Para Antônio Vieira, artista plástico e professor de restauro na Escola de Artes e Ofícios Thomaz Pompeu Sobrinho, os danos atentam contra a pluralidade do povo brasileiro.
"As obras expostas nos espaços de circulação do Planalto foram criadas por seus artistas para serem apreciadas de forma coletiva. O ato provocado por parte dos 'bárbaros bolsonaristas' demonstra a falta de educação, respeito e civilidade para com a história, memória e o patrimônio do nosso país", pondera Vieira.

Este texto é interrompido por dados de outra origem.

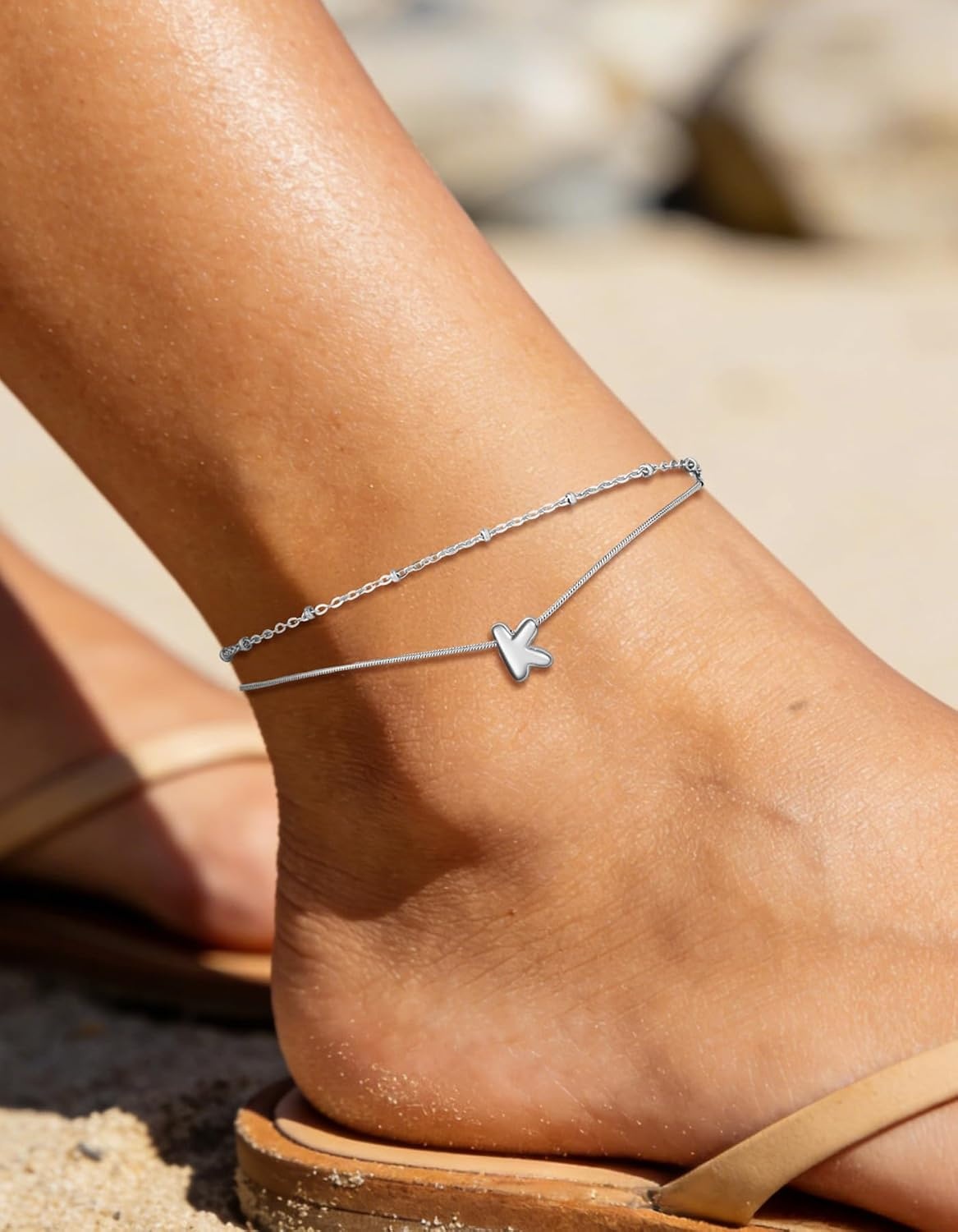 image:imageChainsHouse Initial Ankle Bracelets for Women Waterproof 14K Gold Plated Layered Initial Anklets Non Tarnish Adjustable Stainless Steel Womens Ankle Summer Beach Foot JewelryStainless Steel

O professor diz que o processo de restauro, quando possível, será minucioso, em especial da obra "As Mulatas" (1962). "Serão necessários procedimentos técnicos, aparentemente de reentelamento fio a fio para recompor as tramas do tecido", explica. De acordo com ele, as obras agora passarão por avaliações para depois seguir para o processo de intervenção restaurativa.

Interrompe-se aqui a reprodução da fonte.